The interrupted screening comes from two basic premises: 1) radical films alone don’t necessarily encourage action beyond the movie theatre; 2) the screening practices prevalent in the exhibition contexts where radical film culture is lived are not necessarily radical. Often following a rigid, hierarchical model, these events generally feature visible experts providing knowledge, introducing the screening, leading debates and Q&A after the films, usually watched in their entirety. Bringing together ideas from the debates on the relocation and re-relocation of cinema, inattentive engagements, and the links between anxiety, militancy, and consciousness-raising, Elena has elaborated and applied a screening model based on the exhibition practices associated with Third Cinema in the Latin American context, which involves participants talking about films during breaks within, not after the screening, in a small group.
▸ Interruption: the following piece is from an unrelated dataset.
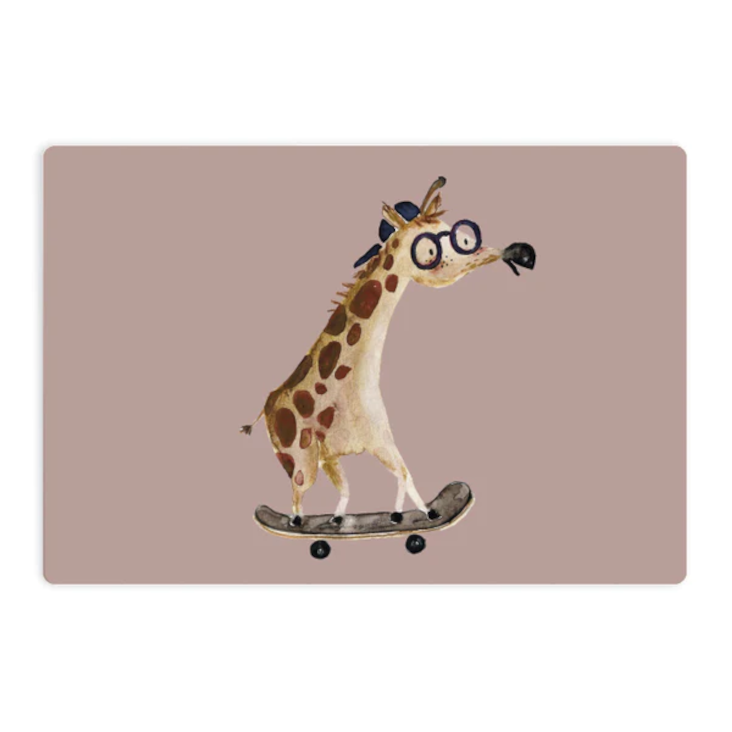 SCHNEIDEBRETT GIRAFFE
The aim of this workshop is to introduce the basic ideas behind the model and, after participating in an interrupted screening, discuss its potential applications in the exhibition contexts in which participants operate as curators or audience. The idea is to establish a network through which the practice of the interrupted screening can develop further.
As part of the workshop we’re going to do an interrupted screening of Ousmane Sembène’s La noire de… (Black Girl 1966). The film tells the story of Diouana (Thérèse M’Bisine Diop), a young Senegalese woman eager to find a better life and who takes a job as a governess for a bourgeois French family. Mistreated by her employers, Diouana’s hopes turn to disillusionment and she descends into a state of isolation and despair.
Elena Boschi is an independent scholar and film curator based in Genoa, Italy. After working at various universities in the north west of England as a lecturer and being a union rep for a few years, she realized that UK Higher Education wasn’t sustainable anymore and decided to move on, looking for a new space for critical thinking and practice in a post-academic life. Her earlier research projects primarily focused on the role of popular music in the representation of sexuality, gender, and class in Italian, Spanish, and British cinema. She has also published on visible playback technology in film and on the audiovisual style in the films of Wes Anderson (both co-authored with Tim McNelis), and she was co-editor of a special issue of the Journal of British Cinema and Television on Gender, Ageing, and Sexuality in British Cinema After Thatcher with Christine Geraghty. Elena’s more recent research on alternative screening practices has informed her curation of interrupted screenings, in which participants discuss films in small groups during scheduled breaks rather than just at the end to promote a radical film experience. She has curated screenings in England, Scotland, and Italy, working primarily with film festivals, charities, and occupied spaces.